BMC Bioinformatics (Oct 2008)
Recovering probabilities for nucleotide trimming processes for T cell receptor TRA and TRG V-J junctions analyzed with IMGT tools
Abstract
Abstract Background Nucleotides are trimmed from the ends of variable (V), diversity (D) and joining (J) genes during immunoglobulin (IG) and T cell receptor (TR) rearrangements in B cells and T cells of the immune system. This trimming is followed by addition of nucleotides at random, forming the N regions (N for nucleotides) of the V-J and V-D-J junctions. These processes are crucial for creating diversity in the immune response since the number of trimmed nucleotides and the number of added nucleotides vary in each B or T cell. IMGT® sequence analysis tools, IMGT/V-QUEST and IMGT/JunctionAnalysis, are able to provide detailed and accurate analysis of the final observed junction nucleotide sequences (tool "output"). However, as trimmed nucleotides can potentially be replaced by identical N region nucleotides during the process, the observed "output" represents a biased estimate of the "true trimming process." Results A probabilistic approach based on an analysis of the standardized tool "output" is proposed to infer the probability distribution of the "true trimmming process" and to provide plausible biological hypotheses explaining this process. We collated a benchmark dataset of TR alpha (TRA) and TR gamma (TRG) V-J rearranged sequences and junctions analysed with IMGT/V-QUEST and IMGT/JunctionAnalysis, the nucleotide sequence analysis tools from IMGT®, the international ImMunoGeneTics information system®, http://imgt.cines.fr.

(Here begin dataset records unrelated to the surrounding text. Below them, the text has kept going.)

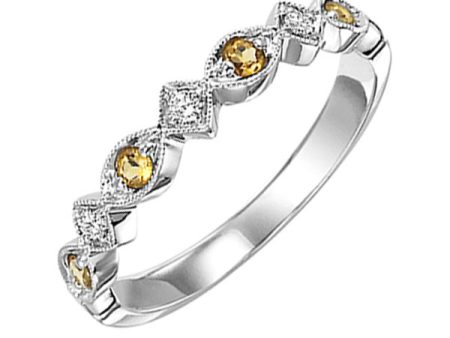 14Kt White Gold Diamond 1 20Ctw & Citrine 1 6Ctw Ring For Sale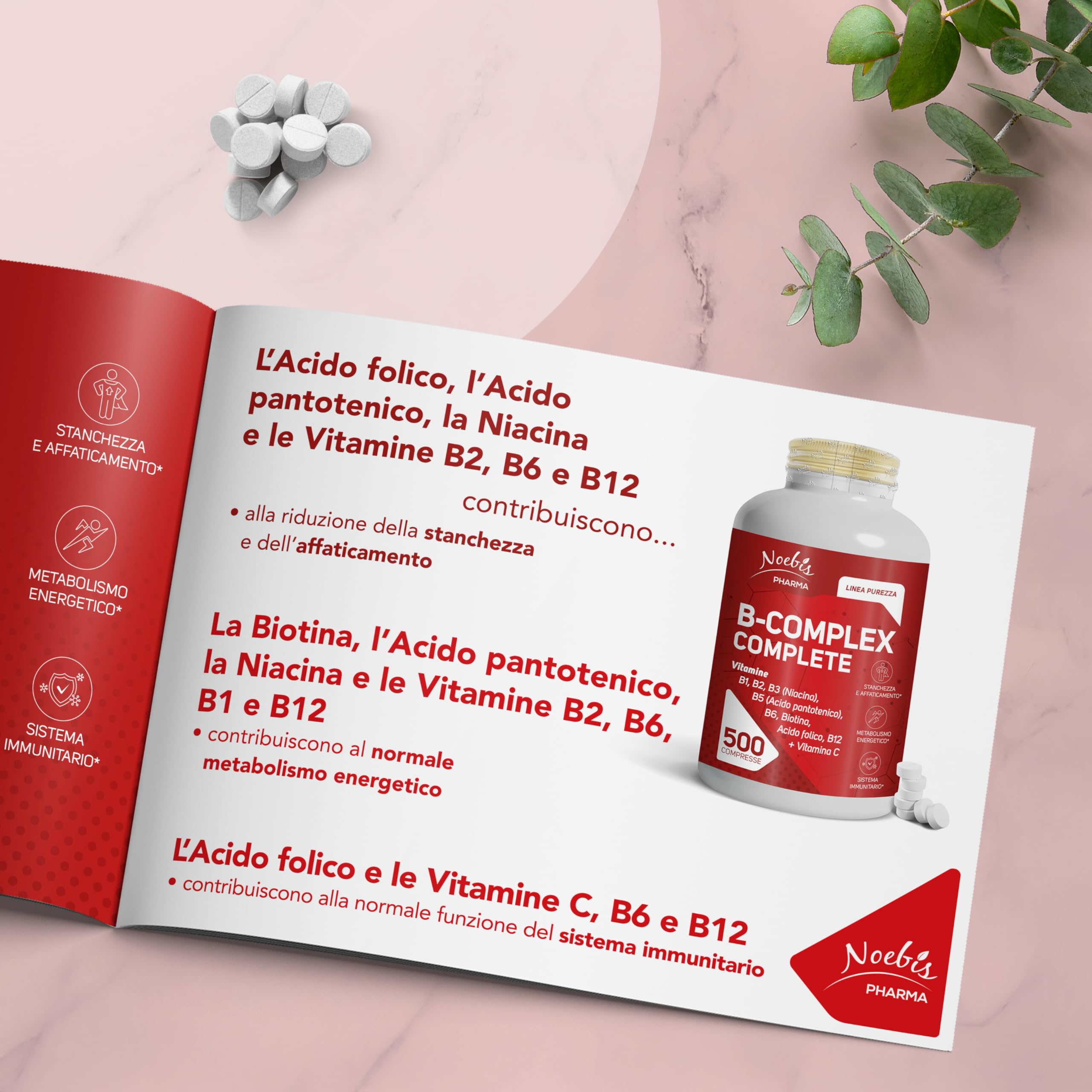 Vitamina B Complex Noebis Pharma con Vitamina C - B1 B2 B3 B5 B6 Biotina Acido Folico B12-500 Compresse Maxi Scorta (Confezione da 4)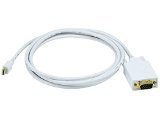 Monoprice 6003 6ft 32awg Mini Dp To Vga Cable - White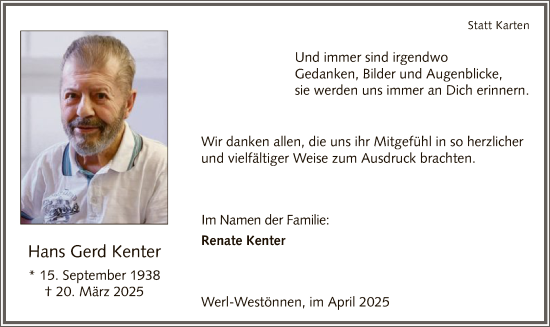 Todesanzeige von Hans Gerd Kenter von WA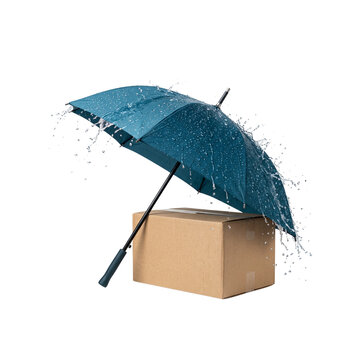 Blue Umbrella Protecting Cardboard Package from Heavy Water Splash Isolated for Waterproof Delivery, Shipping Protection and Safe Parcel Concept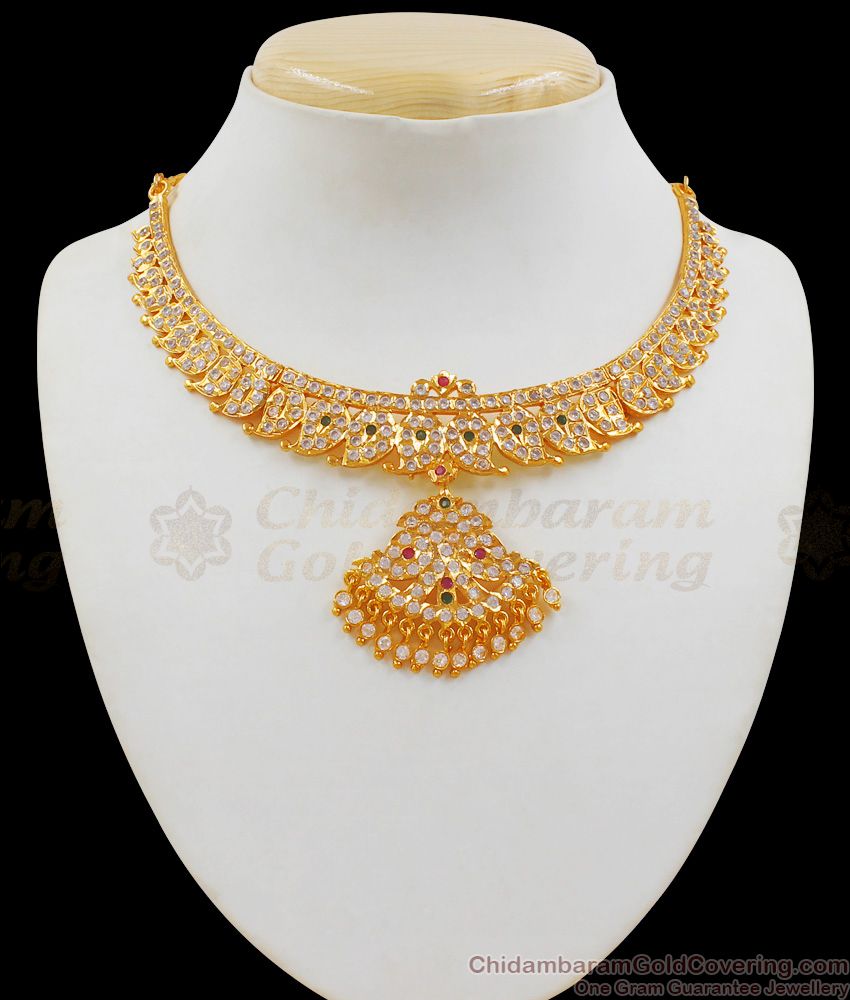 Latest Original Impon Choker Type Gold Necklace For Wedding Collections NCKN2001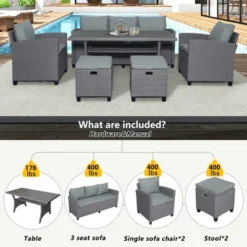 ModernLuxe 6-Piece Outdoor Rattan Wicker Patio Conversation & Dining Set 17 ModernLuxe 6-Piece Outdoor Rattan Wicker Patio Conversation & Dining Set -Luxe Furniture Sale GUEST 334672a3 80af 473d a898 d2a6ccb183e0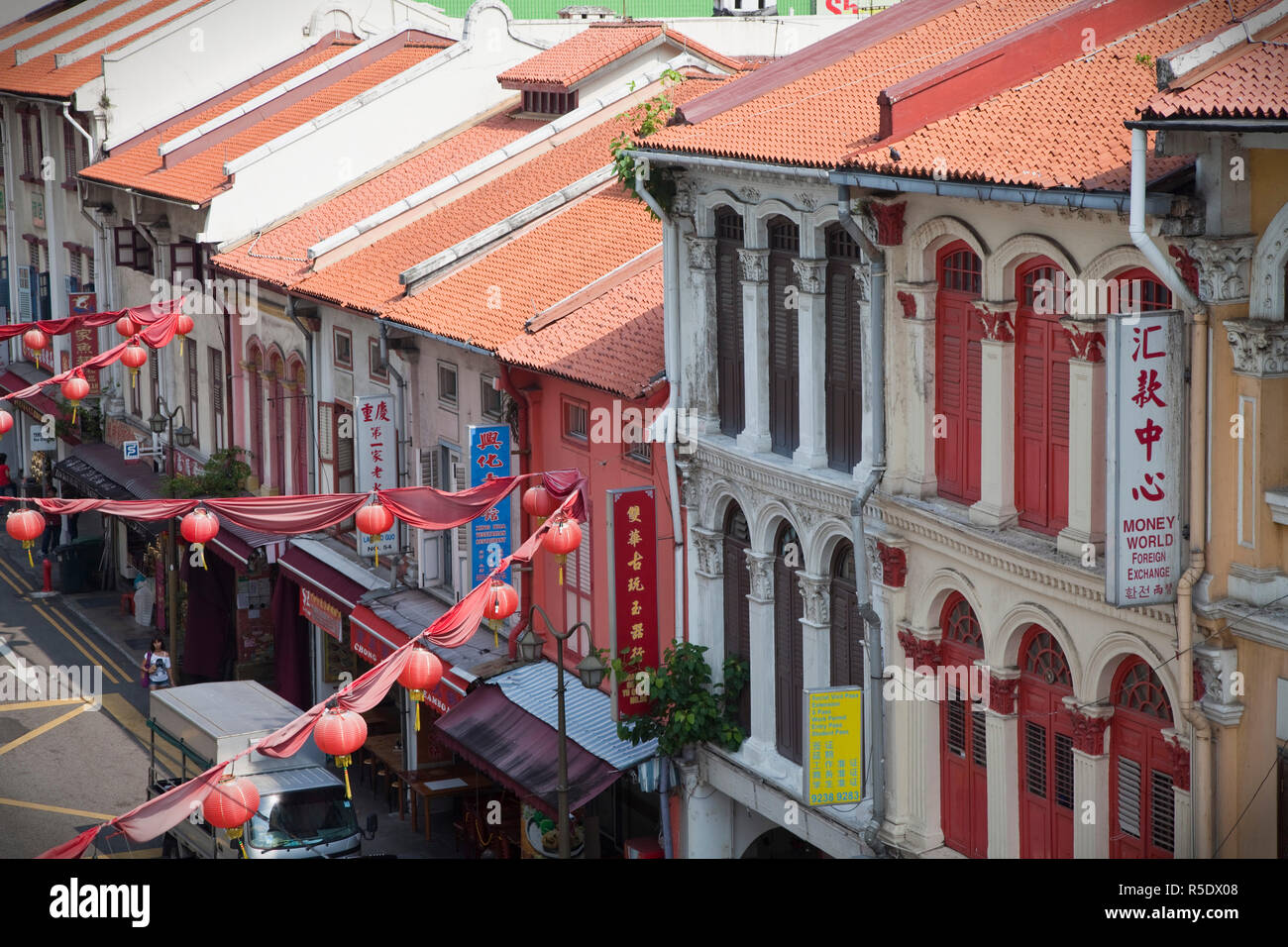 Colonial shop Häuser, China Town, Singapur Stockfoto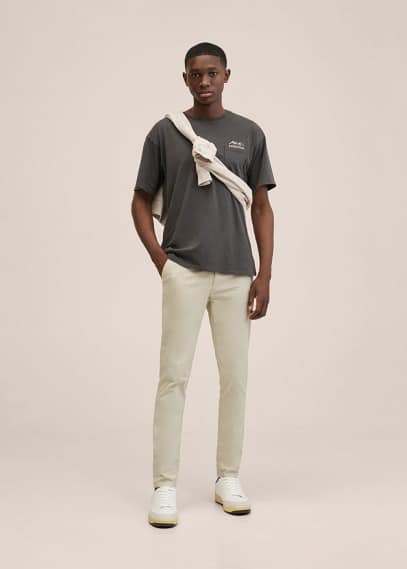 Pantaloni slim-fit cotone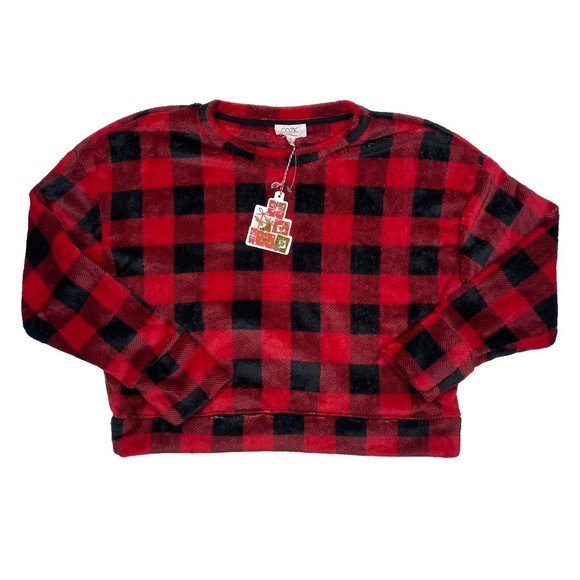 Cozie By Pink Rose Sweater Women’s Size Medium Red Black Plaid Soft Holidays NEW - Picture 1 of 10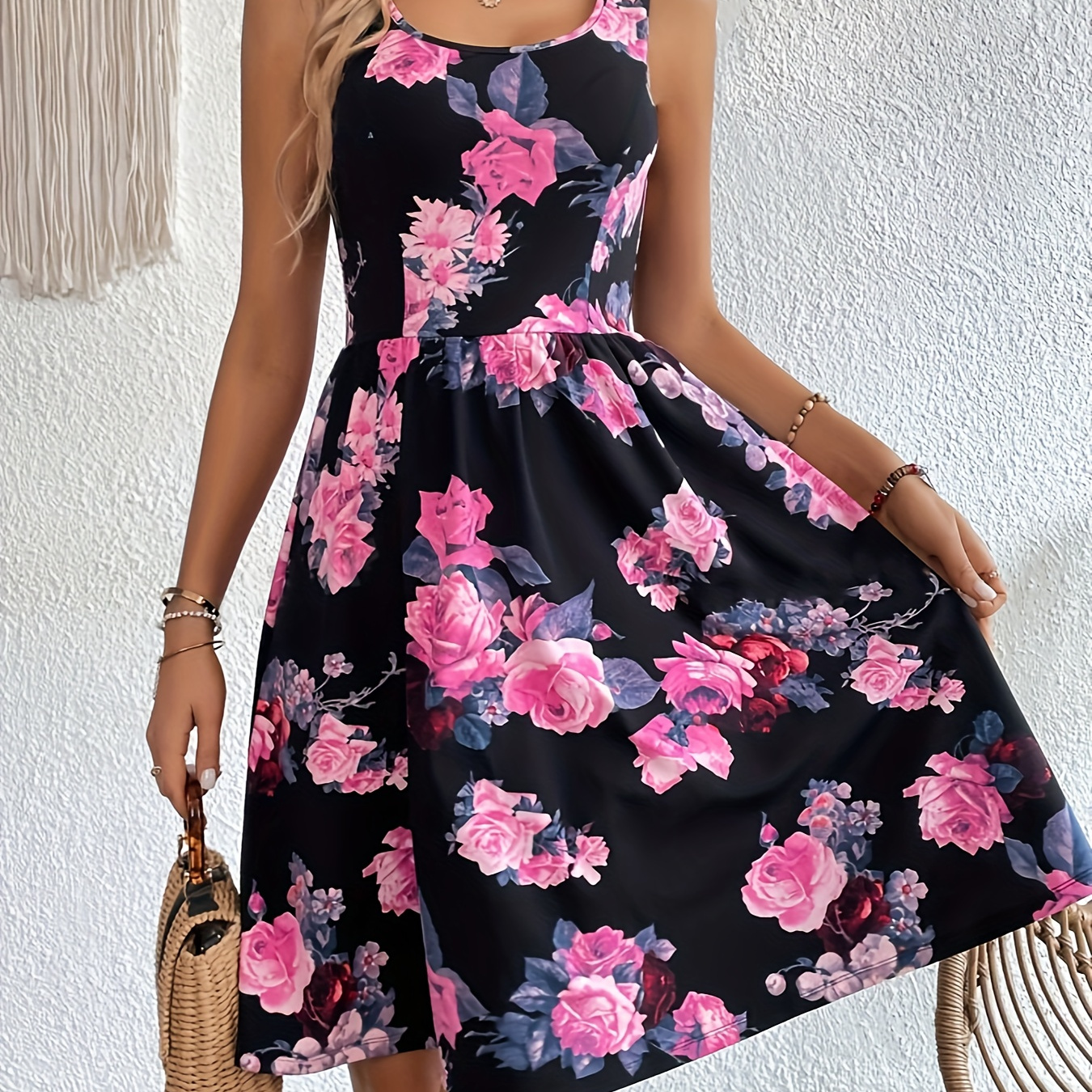 

Floral Print Wide Strap A-line Dress, Elegant Sleeveless Scoop Neck Cami Dress For Spring & Summer, Women's Clothing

The standardized description of the tool output is based on the IMGT-ONTOLOGY axioms and concepts. We propose a simple first-order model that attempts to transform the observed "output" probability distribution into an estimate closer to the "true trimming process" probability distribution. We use this estimate to test the hypothesis that Poisson processes are involved in trimming. This hypothesis was not rejected at standard confidence levels for three of the four trimming processes: TRAV, TRAJ and TRGV. Conclusion By using trimming of rearranged TR genes as a benchmark, we show that a probabilistic approach, applied to IMGT® standardized tool "outputs" opens the way to plausible hypotheses on the events involved in the "true trimming process" and eventually to an exact quantification of trimming itself. With increasing high-throughput of standardized immunogenetics data, similar probabilistic approaches will improve understanding of processes so far only characterized by the "output" of standardized tools.